It also targeted Hong Kong-based Farwell Canyon HK Limited and Shekufei International Trading Co., Limited to facilitate such sales for shipment to buyers in East Asia.

The Treasury accused PGPICC of using it to raise millions of dollars in revenue, along with the bank accounts of Hong Kong and Malaysia-based PZNFR Trading Limited.

Separately, the State Department has accused Singapore-based Pioneer Ship Management PTE LTD and Hong Kong-based Golden Warrior Shipping, Co. for allegedly manipulating a ship carrying Iranian oil products. Ltd., for alleged transactions involving Iranian oil and petroleum products.

Actions freeze US-based assets and often prevent Americans from dealing with them. Others who engage in certain transactions with targeted firms are also at risk of being sanctioned.

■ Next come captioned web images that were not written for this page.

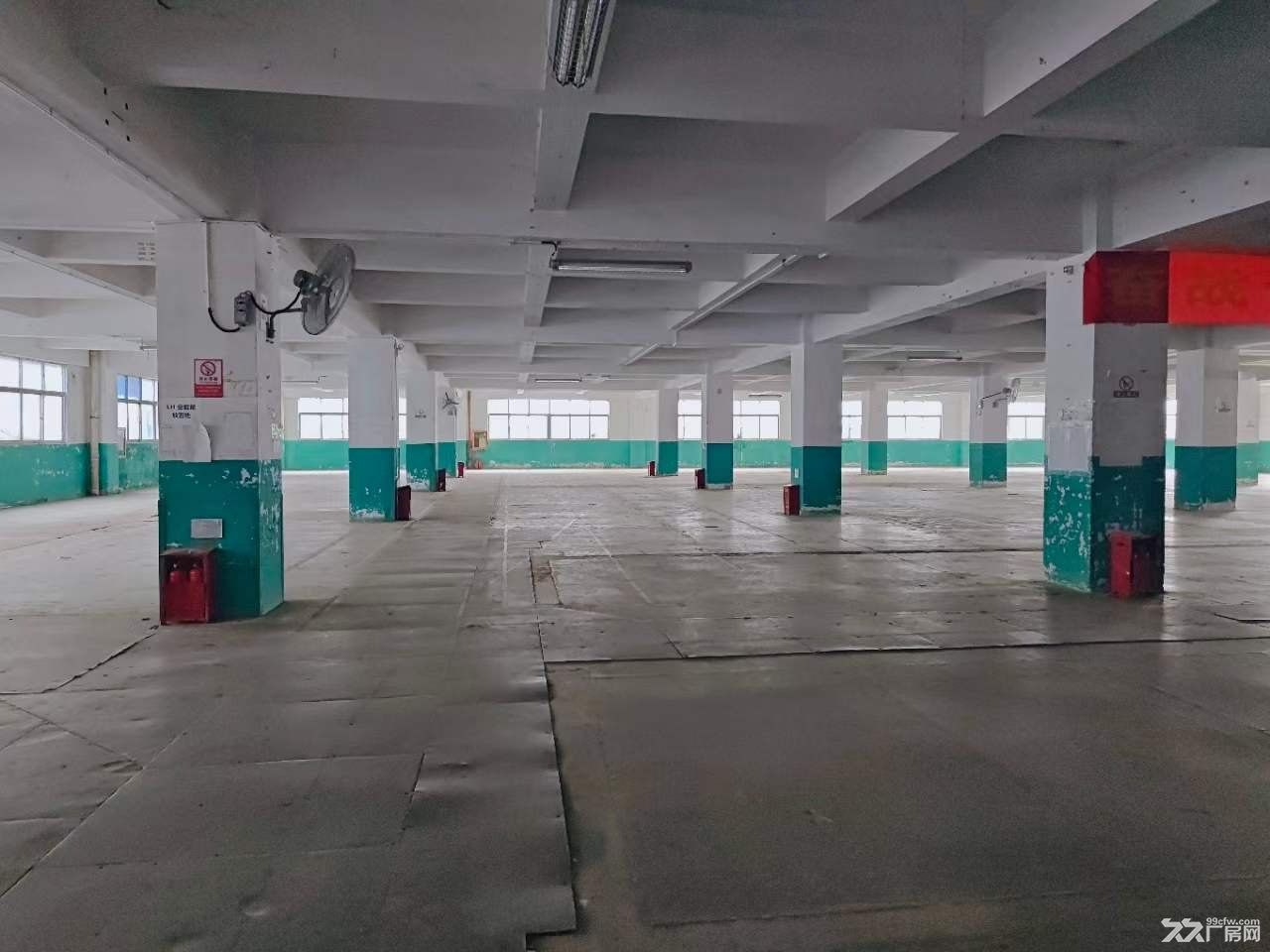 观澜大道旁地铁站旁一楼带卸货平台2700平厂房出租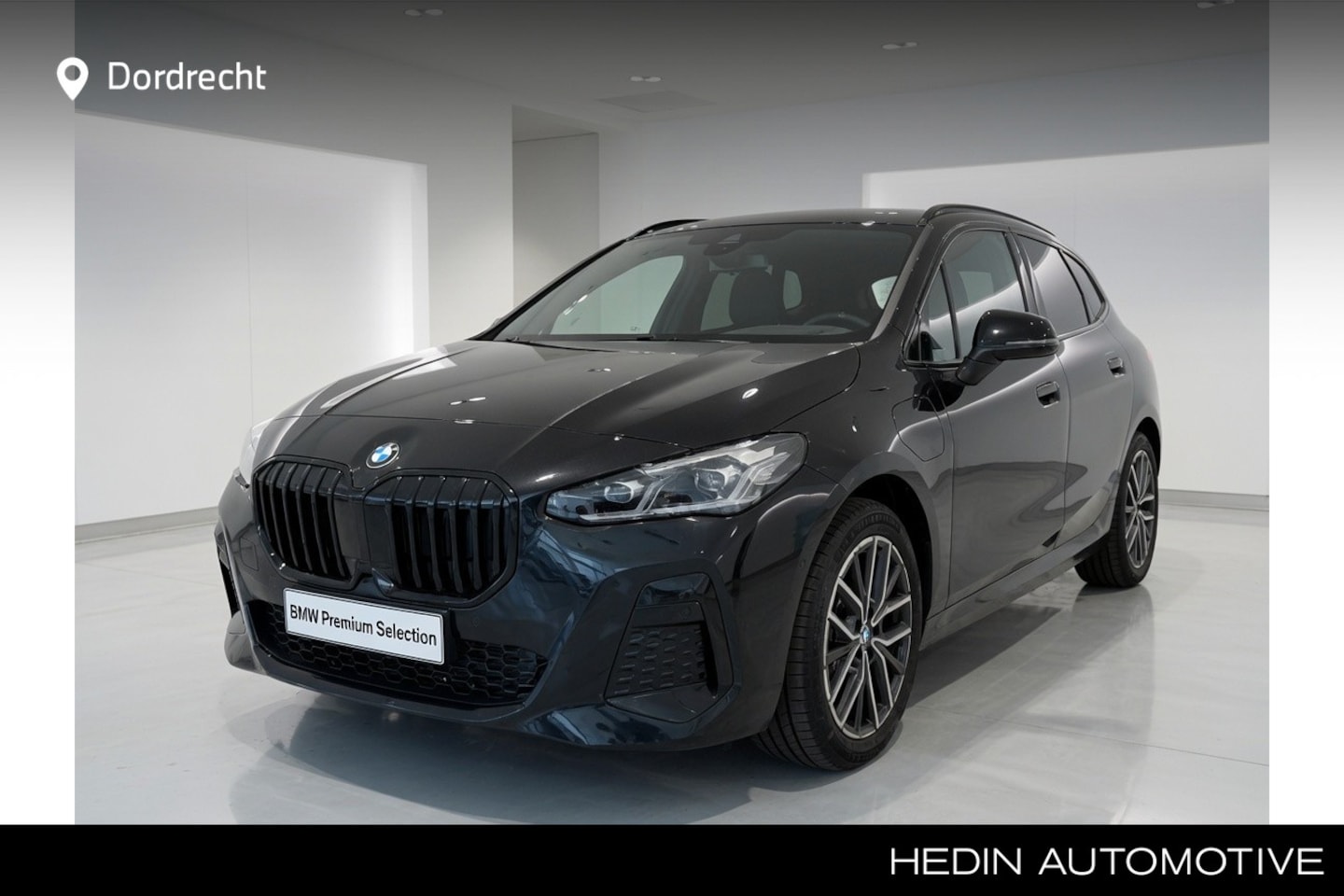 BMW 2-serie Active Tourer - 225e xDrive M-Sport | Panoramadak | Stoelverwarming | Camera | - AutoWereld.nl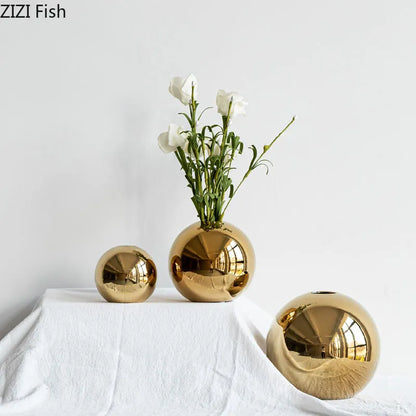Керамическая ваза с золотым шаром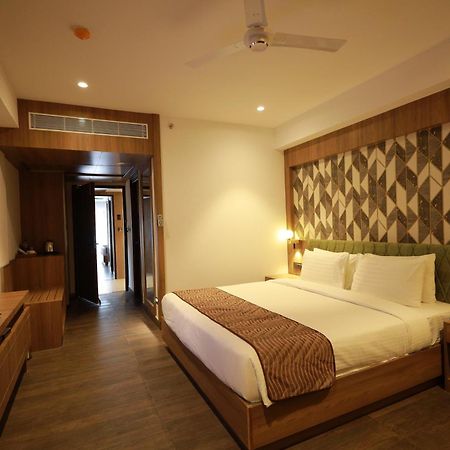 Hotel Mandarin Sky Kannur Exterior foto
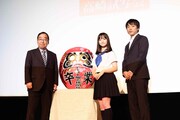 群馬・高崎電気館で行われた「セーラー服と機関銃 -卒業-」舞台挨拶の様子。左から高崎市長・富岡賢治、橋本環奈、前田弘二。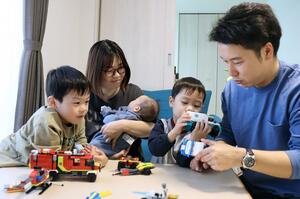 ３人の子どもたちと過ごす髙橋翔一さん、友紀さん夫妻＝新潟市西区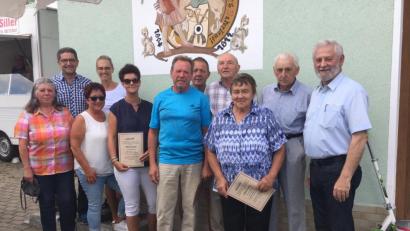 Bild: gis
Blumen sprechen lassen (von links) Inge Pscherer, Bürgermeister Franz Tauber, Dorle Prechtl, Steffi Veigl, Sandra Köstler, Klaus Prechtl, Peter Pscherer, Anton Schenkl, Barbara Heindl, Josef Heindl, FVV-Vorsitzender Günter Pöllmann.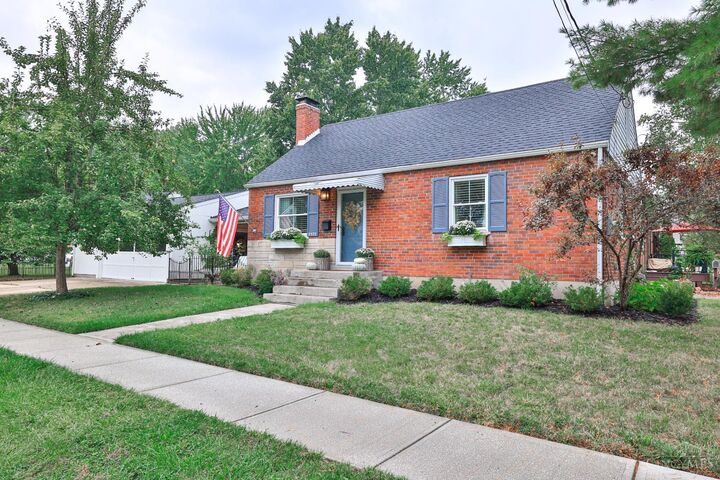 Property Photo:  9395 Lark Court  OH 45242 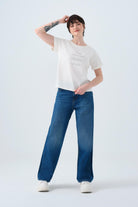 LF2040258_R6903_2.jpg
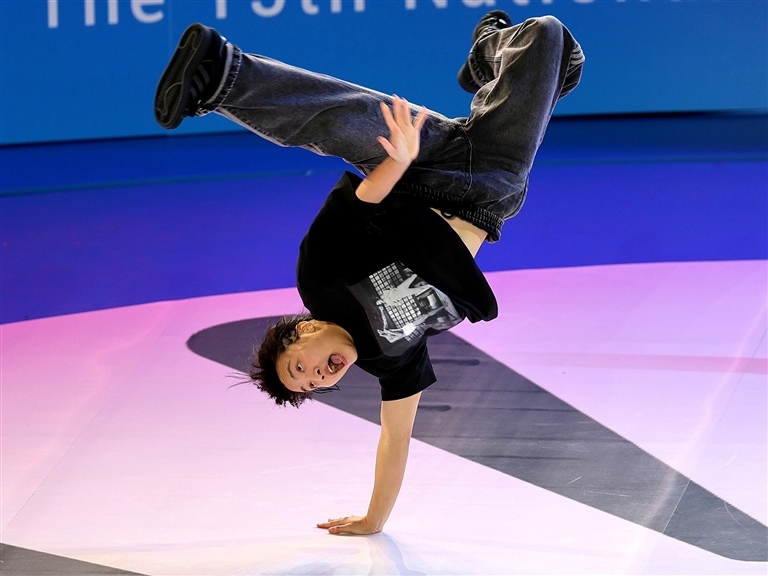 刘清漪在全运会霹雳舞决赛中做出高难度动作。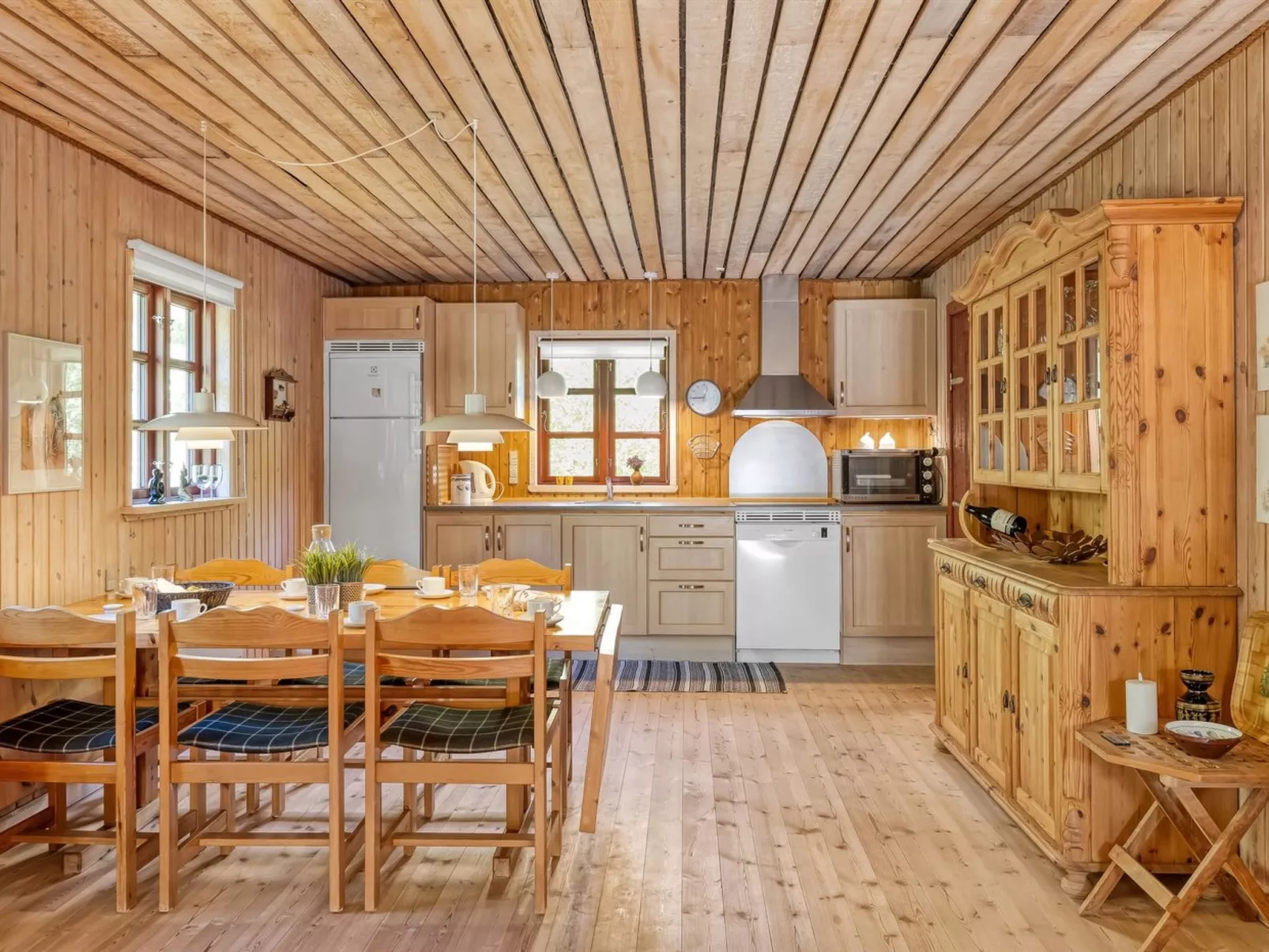 "Sofia" - 500m from the sea-Inside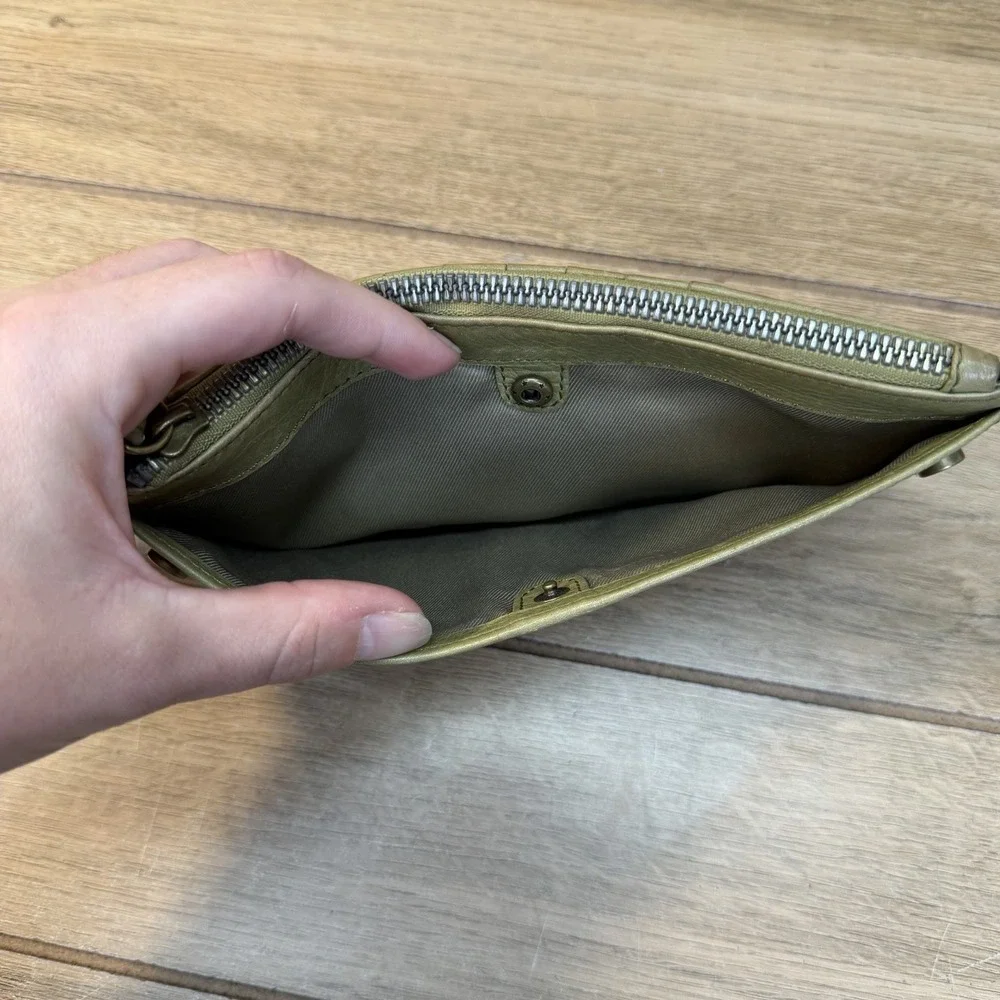 American Leather Co Wristlet Wallet RFID Blocking Credit Card Folding Green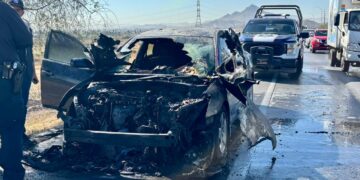 Incendio vehicular genera congestionamiento en carretera a Aldama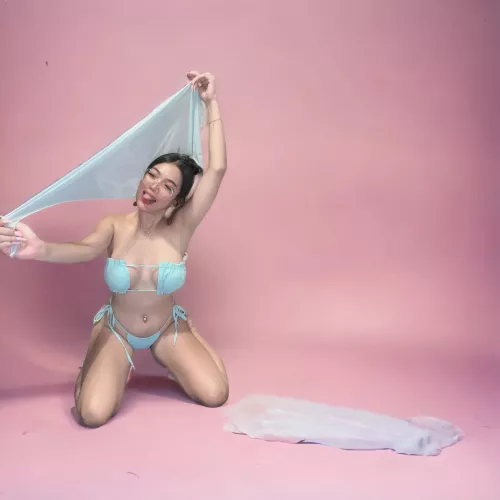 I'm sexy in this swimsuit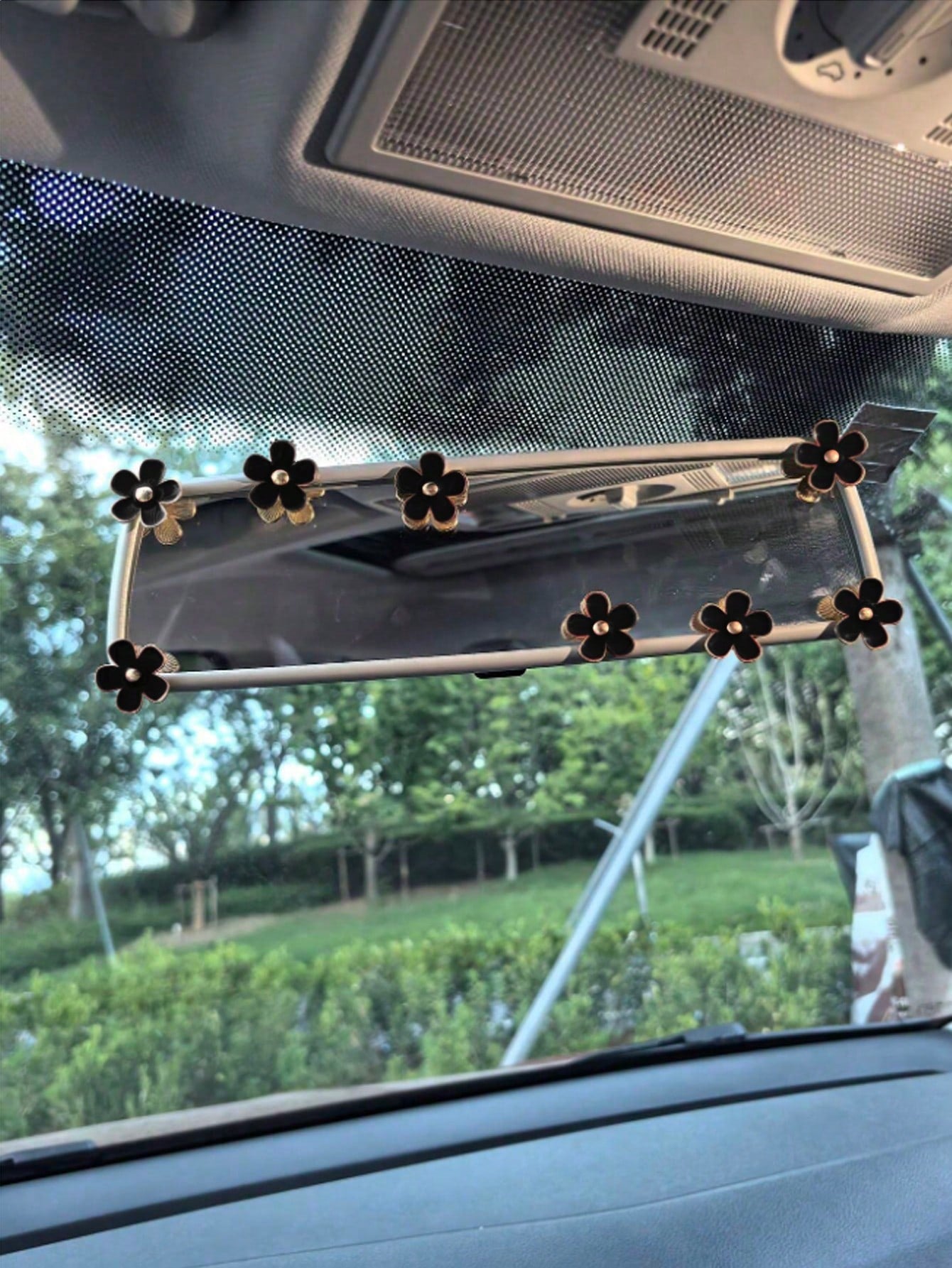 8pcs Car Interior Decor Metal Flower Rearview Mirror Console Accessories Small Flower Car Interior Rearview Mirror Center Console Panel Decoration Car Accessories Car Accessories Duck Car Rearview Mir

The steps represent the third round of US sanctions on Iran against Chinese firms in the past two months.

Since taking office in 2021, U.S. President Joe Biden has been reluctant to impose sanctions on Chinese entities that trade oil with Iran, amid hopes of securing a deal to revive the 2015 Iran nuclear deal.

Efforts to revive the deal, in which Iran curbs its nuclear program in exchange for relief from US and other sanctions, have so far failed, prompting Washington to seek other ways to increase the pressure on Tehran.

“The United States continues to follow the path of diplomacy to ensure a mutual return to the full implementation of the Joint Comprehensive Plan of Action,” said Brian Nelson, Treasury’s Under-Secretary for Terrorism and Financial Intelligence, referring to 2015. agreement with the official name.

“Until Iran is ready to fully honor its commitments, we will continue to impose sanctions on the illegal sale of Iranian oil and petrochemical products,” he said.

Reacting to the new sanctions, Iran’s White House will respond “resolutely and resolutely” to the continuation of sanctions, Iranian Foreign Ministry spokesman Nasser Kanaani said.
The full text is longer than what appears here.